Самый общий методологический вопрос таков: каким образом интуиция-изначально указывающая на непосредственное знание [connaissance] - может оформиться в метод, коль скоро считается, что метод, по существу, подразумевает одно или несколько опосредований? Бергсон часто представляет интуицию как простой акт. Но с его точки зрения простота вовсе не исключает качественную и виртуальную множественность, разнообразие направлений, в которых последняя актуализируется. Значит, именно в этом смысле интуиция подразумевает множество аспектов и многообразные несводимые друг к другу точки зрения.4 В сущности, Бергсон различает три разных типа действий, задающих, в свою очередь, правила метода: первый касается самой постановки и созидания проблем; второй - обнаружения подлинных различий по природе [differences de nature]; третий - схватывания реального времени. Демонстрируя, как мы переходим от одного смысла к другому и в чем, собственно, состоит «фундаментальный смысл», мы можем переоткрыть простоту интуиции в качестве живого акта и, тем самым, ответить на общий методологический вопрос.

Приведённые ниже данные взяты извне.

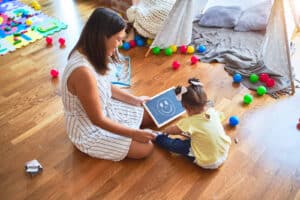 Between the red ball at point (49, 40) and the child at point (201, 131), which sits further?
the red ball at point (49, 40)

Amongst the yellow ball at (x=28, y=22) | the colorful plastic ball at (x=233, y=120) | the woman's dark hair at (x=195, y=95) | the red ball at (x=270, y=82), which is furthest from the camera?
the yellow ball at (x=28, y=22)

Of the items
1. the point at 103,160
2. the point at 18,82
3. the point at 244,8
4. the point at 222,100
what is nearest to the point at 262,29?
the point at 244,8

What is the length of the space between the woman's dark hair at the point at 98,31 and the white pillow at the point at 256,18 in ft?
4.83

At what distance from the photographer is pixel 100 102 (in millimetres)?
1317

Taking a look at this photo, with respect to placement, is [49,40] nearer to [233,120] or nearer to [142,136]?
[142,136]

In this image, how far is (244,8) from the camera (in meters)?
2.54

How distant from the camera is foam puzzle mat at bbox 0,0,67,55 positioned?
95.2 inches

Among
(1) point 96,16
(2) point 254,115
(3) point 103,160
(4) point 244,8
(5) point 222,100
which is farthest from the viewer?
(4) point 244,8

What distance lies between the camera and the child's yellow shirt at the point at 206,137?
137 centimetres

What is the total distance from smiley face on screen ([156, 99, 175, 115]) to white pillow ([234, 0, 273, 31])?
1055 millimetres

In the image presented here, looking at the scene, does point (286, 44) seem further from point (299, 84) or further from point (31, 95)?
point (31, 95)

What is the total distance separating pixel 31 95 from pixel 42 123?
288 millimetres

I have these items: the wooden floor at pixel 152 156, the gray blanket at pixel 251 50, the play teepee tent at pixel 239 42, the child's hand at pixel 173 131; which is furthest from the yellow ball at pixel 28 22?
the child's hand at pixel 173 131

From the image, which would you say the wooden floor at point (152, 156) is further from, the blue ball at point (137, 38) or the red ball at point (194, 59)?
the blue ball at point (137, 38) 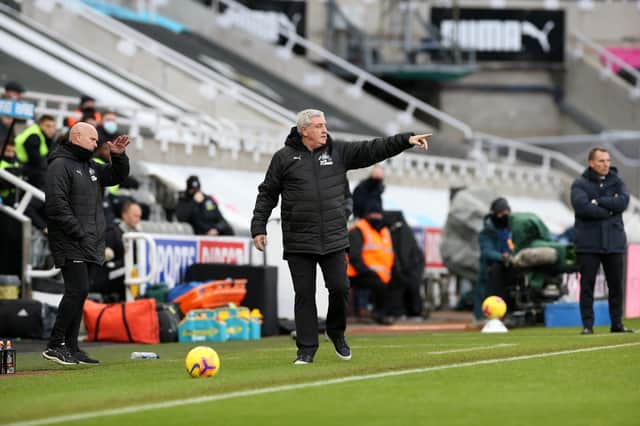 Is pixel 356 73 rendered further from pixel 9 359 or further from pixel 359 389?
pixel 359 389

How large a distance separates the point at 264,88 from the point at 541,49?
1041 cm

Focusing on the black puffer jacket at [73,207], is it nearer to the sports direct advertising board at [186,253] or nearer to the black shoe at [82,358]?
the black shoe at [82,358]

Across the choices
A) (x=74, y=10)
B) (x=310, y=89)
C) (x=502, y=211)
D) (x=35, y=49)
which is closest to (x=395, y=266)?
(x=502, y=211)

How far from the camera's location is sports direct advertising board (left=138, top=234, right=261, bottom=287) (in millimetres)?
20109

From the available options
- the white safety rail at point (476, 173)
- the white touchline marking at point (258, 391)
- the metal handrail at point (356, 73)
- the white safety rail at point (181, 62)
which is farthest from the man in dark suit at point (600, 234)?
the metal handrail at point (356, 73)

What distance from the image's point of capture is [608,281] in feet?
56.0

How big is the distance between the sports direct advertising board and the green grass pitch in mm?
5204

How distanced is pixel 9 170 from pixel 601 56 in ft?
103

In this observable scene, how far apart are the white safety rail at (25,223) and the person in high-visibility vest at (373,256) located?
14.5 ft

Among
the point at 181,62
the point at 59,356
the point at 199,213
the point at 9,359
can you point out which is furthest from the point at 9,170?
the point at 181,62

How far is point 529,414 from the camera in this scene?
29.6ft

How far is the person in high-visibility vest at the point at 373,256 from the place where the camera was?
22.0m

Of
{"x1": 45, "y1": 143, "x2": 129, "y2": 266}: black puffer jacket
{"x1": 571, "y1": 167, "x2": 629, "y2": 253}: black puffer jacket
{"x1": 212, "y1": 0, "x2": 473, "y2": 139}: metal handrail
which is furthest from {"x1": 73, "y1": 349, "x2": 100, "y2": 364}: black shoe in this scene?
{"x1": 212, "y1": 0, "x2": 473, "y2": 139}: metal handrail

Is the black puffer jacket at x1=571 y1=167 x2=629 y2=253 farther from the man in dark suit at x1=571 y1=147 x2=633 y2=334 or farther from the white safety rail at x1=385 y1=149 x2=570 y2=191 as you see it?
the white safety rail at x1=385 y1=149 x2=570 y2=191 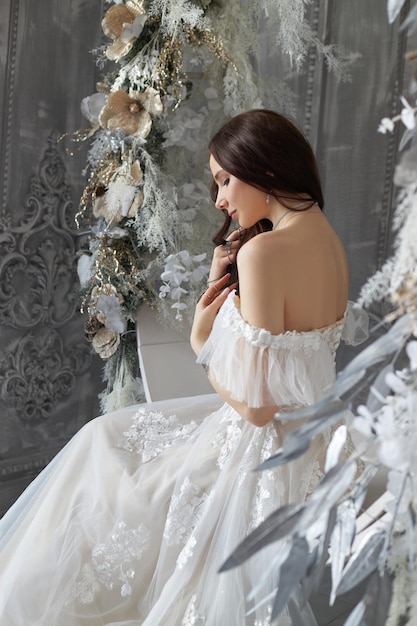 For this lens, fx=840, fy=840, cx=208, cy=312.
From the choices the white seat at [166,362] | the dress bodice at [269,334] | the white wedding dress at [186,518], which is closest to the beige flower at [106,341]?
the white seat at [166,362]

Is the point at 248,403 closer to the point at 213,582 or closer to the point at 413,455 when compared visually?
the point at 213,582

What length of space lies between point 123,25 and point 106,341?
3.50ft

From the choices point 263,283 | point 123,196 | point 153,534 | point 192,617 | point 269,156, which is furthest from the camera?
point 123,196

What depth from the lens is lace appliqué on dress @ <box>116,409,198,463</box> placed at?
2.17 meters

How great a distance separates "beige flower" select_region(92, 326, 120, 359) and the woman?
2.66ft

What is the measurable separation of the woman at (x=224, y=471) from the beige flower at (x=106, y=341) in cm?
81

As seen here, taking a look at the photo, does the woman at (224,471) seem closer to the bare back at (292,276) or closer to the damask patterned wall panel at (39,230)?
the bare back at (292,276)

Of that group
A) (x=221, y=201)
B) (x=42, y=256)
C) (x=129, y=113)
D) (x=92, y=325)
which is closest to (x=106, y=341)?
(x=92, y=325)

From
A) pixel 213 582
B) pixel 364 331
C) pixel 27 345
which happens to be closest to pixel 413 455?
pixel 213 582

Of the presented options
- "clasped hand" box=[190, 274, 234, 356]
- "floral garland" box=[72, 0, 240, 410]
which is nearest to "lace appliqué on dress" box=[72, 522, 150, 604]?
"clasped hand" box=[190, 274, 234, 356]

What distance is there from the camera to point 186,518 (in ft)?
6.24

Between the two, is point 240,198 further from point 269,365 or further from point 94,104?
point 94,104

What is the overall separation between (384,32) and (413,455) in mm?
2925

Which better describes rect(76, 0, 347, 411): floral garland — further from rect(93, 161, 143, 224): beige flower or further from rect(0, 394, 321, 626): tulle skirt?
rect(0, 394, 321, 626): tulle skirt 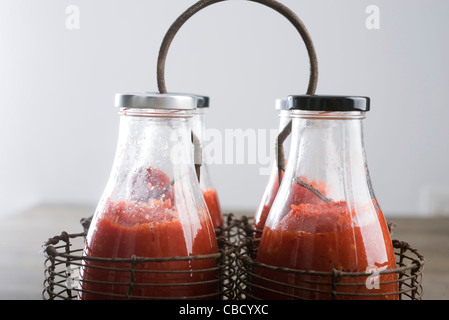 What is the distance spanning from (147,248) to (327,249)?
16 cm

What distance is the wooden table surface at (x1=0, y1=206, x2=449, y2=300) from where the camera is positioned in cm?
77

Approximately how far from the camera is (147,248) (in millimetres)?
490

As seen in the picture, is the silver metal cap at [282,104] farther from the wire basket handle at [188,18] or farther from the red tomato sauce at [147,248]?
the red tomato sauce at [147,248]

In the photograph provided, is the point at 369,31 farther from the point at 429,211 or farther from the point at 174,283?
the point at 174,283

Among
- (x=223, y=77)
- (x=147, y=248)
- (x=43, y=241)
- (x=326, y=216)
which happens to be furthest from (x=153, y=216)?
(x=223, y=77)

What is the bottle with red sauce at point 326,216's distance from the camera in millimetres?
473

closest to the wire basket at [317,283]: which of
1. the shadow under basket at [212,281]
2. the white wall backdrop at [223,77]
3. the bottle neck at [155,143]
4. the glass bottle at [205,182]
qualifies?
the shadow under basket at [212,281]

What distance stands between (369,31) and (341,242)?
160 centimetres

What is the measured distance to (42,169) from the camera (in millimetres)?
2207

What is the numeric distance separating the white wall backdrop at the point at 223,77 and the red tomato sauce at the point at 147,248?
54.7 inches

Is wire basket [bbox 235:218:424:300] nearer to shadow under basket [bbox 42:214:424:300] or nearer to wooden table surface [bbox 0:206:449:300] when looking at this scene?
shadow under basket [bbox 42:214:424:300]

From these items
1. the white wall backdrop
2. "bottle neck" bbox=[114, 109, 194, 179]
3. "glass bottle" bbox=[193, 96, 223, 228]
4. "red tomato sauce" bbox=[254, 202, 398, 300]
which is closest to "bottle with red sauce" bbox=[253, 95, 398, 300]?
"red tomato sauce" bbox=[254, 202, 398, 300]

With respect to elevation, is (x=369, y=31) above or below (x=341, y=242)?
above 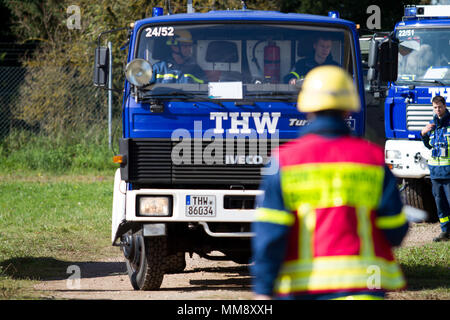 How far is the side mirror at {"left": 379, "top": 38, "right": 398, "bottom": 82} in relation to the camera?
8.67m

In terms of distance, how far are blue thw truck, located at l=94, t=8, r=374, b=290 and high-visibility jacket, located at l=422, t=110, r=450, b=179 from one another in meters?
4.17

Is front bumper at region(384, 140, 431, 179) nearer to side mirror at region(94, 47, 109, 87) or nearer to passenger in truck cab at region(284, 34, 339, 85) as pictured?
passenger in truck cab at region(284, 34, 339, 85)

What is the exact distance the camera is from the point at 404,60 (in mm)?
13375

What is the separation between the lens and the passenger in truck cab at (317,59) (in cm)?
815

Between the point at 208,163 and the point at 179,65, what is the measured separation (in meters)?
1.02

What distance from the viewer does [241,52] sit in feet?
26.9

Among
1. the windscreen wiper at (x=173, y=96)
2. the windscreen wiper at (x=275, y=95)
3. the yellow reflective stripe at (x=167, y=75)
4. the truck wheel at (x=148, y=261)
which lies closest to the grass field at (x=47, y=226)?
the truck wheel at (x=148, y=261)

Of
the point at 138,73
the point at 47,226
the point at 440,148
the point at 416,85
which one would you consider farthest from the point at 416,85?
the point at 138,73

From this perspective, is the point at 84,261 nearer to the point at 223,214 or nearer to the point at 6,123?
the point at 223,214

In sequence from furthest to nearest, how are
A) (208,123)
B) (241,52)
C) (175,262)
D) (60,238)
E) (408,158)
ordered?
(408,158) → (60,238) → (175,262) → (241,52) → (208,123)

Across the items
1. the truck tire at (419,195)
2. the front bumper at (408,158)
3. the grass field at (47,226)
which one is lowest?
the grass field at (47,226)

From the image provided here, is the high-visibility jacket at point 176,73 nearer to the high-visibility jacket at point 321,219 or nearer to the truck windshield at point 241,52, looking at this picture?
the truck windshield at point 241,52

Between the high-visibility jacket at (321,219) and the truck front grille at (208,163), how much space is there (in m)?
4.16

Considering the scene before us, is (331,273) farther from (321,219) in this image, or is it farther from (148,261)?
(148,261) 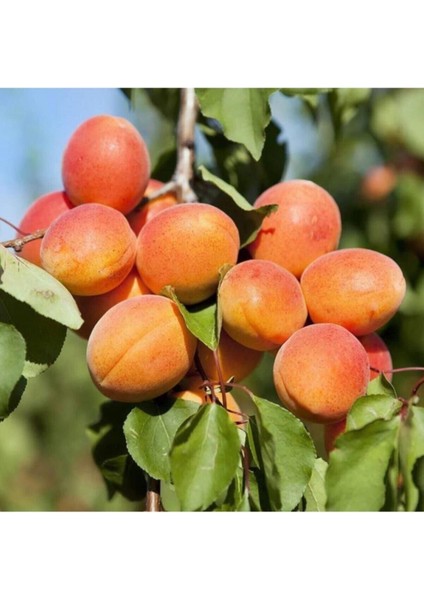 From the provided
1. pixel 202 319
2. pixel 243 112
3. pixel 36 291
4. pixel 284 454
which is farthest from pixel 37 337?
pixel 243 112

ПЕРВОЕ ПРАВИЛО: Проверка на истинность или ложность должна применяться к самим проблемам. Нужно отбрасывать ложные проблемы и примирять истину и творчество на уровне проблем.

Мы не правы, полагая, что истинность и ложность относятся лишь к полученному решению, что проверка на истинность и ложность начинается только с решения. Это, по сути, социальный предрассудок (все выглядит так, как если бы и общество, и язык, передающий порядок слов этого общества, «ставили» перед нами уже готовые проблемы - будто те извлекаются из «архивов городских чиновников» - и обязывали нас «решать» их в узких рамках оставленной полоски свободы). Более того, этот предрассудок возвращает нас в детство, в учебный класс: именно школьный учитель «ставит» проблемы; задача ученика - найти решение. И именно так мы попадаем в своего рода рабство. Подлинная же свобода состоит в способности принимать решение, конституировать сами проблемы. И такая «полубожественная» способность влечет за собой исчезновение ложных проблем, а также творческую постановку истинных проблем. «Правда в том, что для философии, да и не только для нее, речь идет, скорее, о нахождении проблемы и, следовательно, о ее формулировке, чем о решении. Ибо спекулятивная проблема разрешается, как только она соответствующим образом поставлена. Под этим я имею в виду, что тогда ее решение существует, хотя и может оставаться спрятанным или, так сказать, скрытым: единственное, что остается сделать, так это открыть его. Но постановка проблемы - не просто открытие, это-изобретение. Открытие должно иметь дело с тем, чтоуже существует - актуально или виртуально; значит, рано или поздно оно определенным образом должно произойти. Изобретение же наделяет бытием то, чего на самом деле не существует; оно могло бы никогда не произойти. Уже в математике, а еще более в метафизике, изобретательское усилие чаще всего состоит в порождении проблемы, в созидании терминов, в каких она будет ставиться. Итак, постановка и решение проблемы весьма близки к тому, чтобы уравняться: подлинно великие проблемы выдвигаются только тогда, когда они разрешимы».5

И не только вся история математики подтверждает правоту Бергсона. Последнее предложение из приведенного только что текста можно сравнить с формулой Маркса, пригодной для самой практики: «Человечество ставит лишь те проблемы, какие способно решить». Речь в этих двух случаях идет вовсе не о том, что проблемы подобны теням предшествующих решений (весь контекст указывает на обратное). Нельзя также сказать и то, что в расчет берутся только проблемы. Напротив, в расчет принимается как раз решение, но проблема всегда обретает решение - которого она достойна -лишь в зависимости оттого способа, каким она ставилась, от тех условий, при которых она определилась как проблема, и в зависимости от средств и терминов, какими мы располагаем для ее постановки. В этом смысле история человека - как с теоретической, так и с практической точек зрения - есть история конструирования проблем. Именно здесь человечество творит собственную историю, и осознание такой деятельности подобно обретению свободы. (Верно, что по Бергсону понятие [notion] проблемы уходит своими корнями за пределы истории - в саму жизнь, в жизненный порыв: жизнь, по сути, задает себя в дей ствии, направленном на обход препятствий, на постановку и решение проблем. Конструирование организма подразумевает сразу как постановку проблем, так и их решение.6)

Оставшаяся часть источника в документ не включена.